D’abord, pas la France. Elle nous a longtemps colonisés. A pillé nos richesses, fragilisé nos ancêtres qui nous ont quittés par le travail forcé qu’elle leur avait imposé. Elle nous a appauvris et n’a laissé aucune trace visible, digne de la France sur nos terres millénaires.
A la décolonisation, dans les années 60, nous avions rêvé, estimant que la France serait notre allié majeur. Nous avons signé des accords de coopération dans plusieurs domaines dont militaire, avec elle. Nous en sommes sortis perdants.
Aucune usine française, au sens plein du terme, n’a pignon sur rue, ni dans nos campagnes, ni dans nos villes principales. Et pourtant, la France et d’autres concurrents occidentaux pompent notre pétrole, en mer, détruisent nos forêts. Ceux des nôtres qui ont des ressources, enrichissent leurs espaces bancaires, louent leurs avions, acquirent des patrimoines dans leurs villes.
Avec la révolution des 13, 14, et 15 août 1963, nous nous sommes rebellés contre elle, cette France, pour nous retourner vers la Chine populaire et les pays de l’Est. M. Charles David Ganao, le ministre des Affaires étrangères du président, Alphonse Massamba-Débat, se retournera ce jour dans sa tombe, lorsque j’aurai dit qu’il aura prononcé, le discours africain le plus brillant de la première moitié du XX ème siècle, en déclarant solennellement, à la tribune des Nations-Unies, la reconnaissance de la Chine populaire par la République du Congo. Une audace à l’époque a fait froid au dos.

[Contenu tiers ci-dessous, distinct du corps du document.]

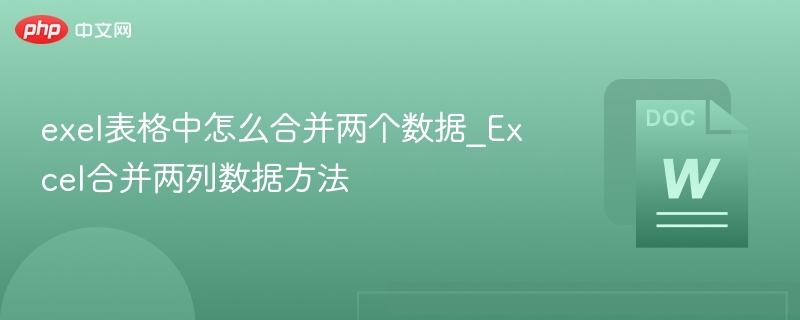 exel表格中怎么合并两个数据_Excel合并两列数据方法
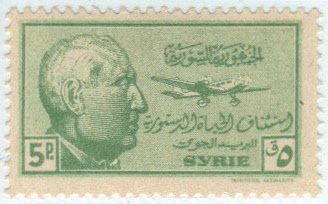 Resumption of constitutional government- 5 piastre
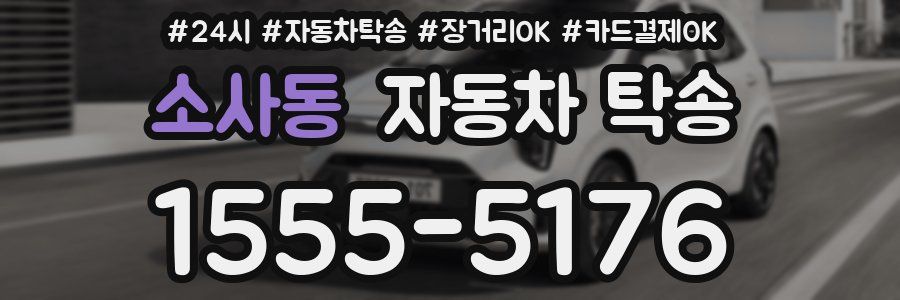 소사동 자동차 탁송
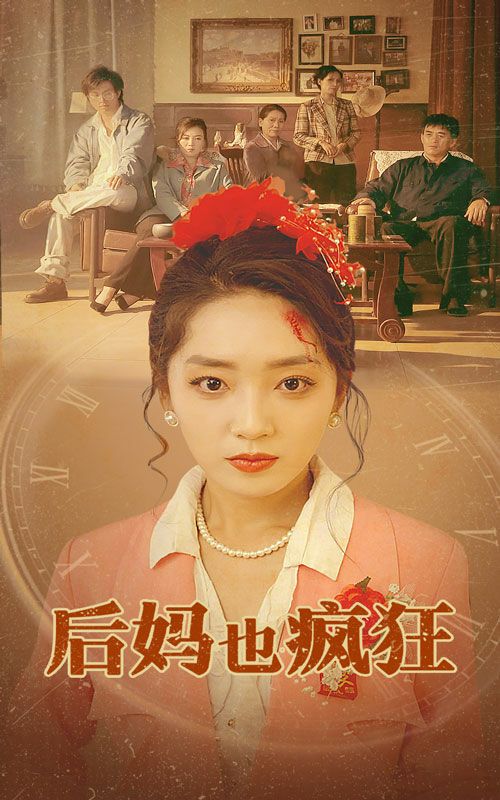 后妈也疯狂 第41-60集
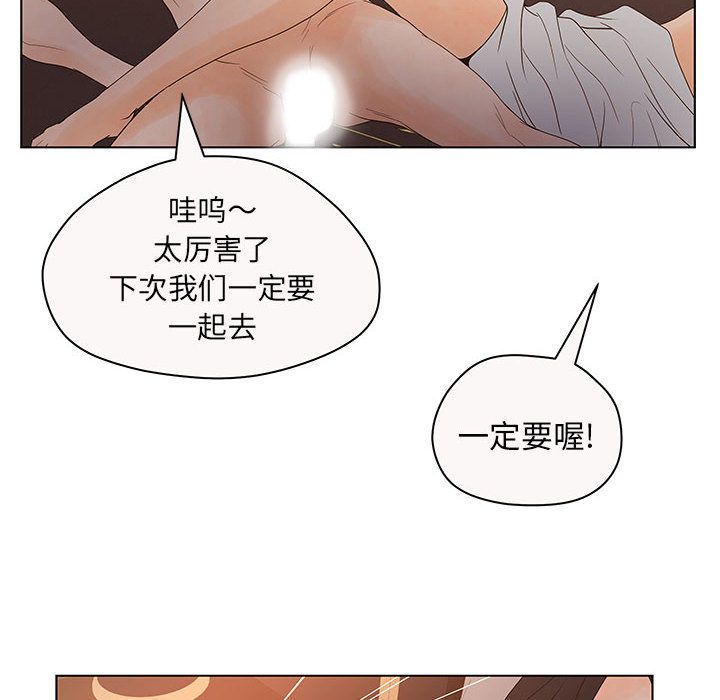 [韩国漫画] 诬告 剧情,巨乳大奶#[112P]-102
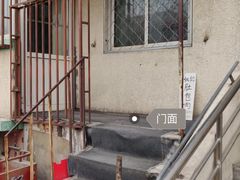 -姚记肚包肉(牛街春风社区店)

De l’URSS, des autres pays de l’Est, de la Chine, nous n’avons, ni dans nos campagnes, ni dans nos villes, une unité de production, avec plus-value locale, où des centaines de Congolais travaillent, bénéficient des droits de protection sociale et contribuent à alléger les souffrances de nos parents.
Donc, jusque-là, ce n’est ni la France, ni la Chine ni les Pays de l’Est, encore moins, les USA qui pourraient développer notre pays. L’éclatement de l’URSS nous est passé sous le nez. La Fédération de la Russie s’est davantage préoccupée de son installation et de la remise en ordre de ses affaires intérieures.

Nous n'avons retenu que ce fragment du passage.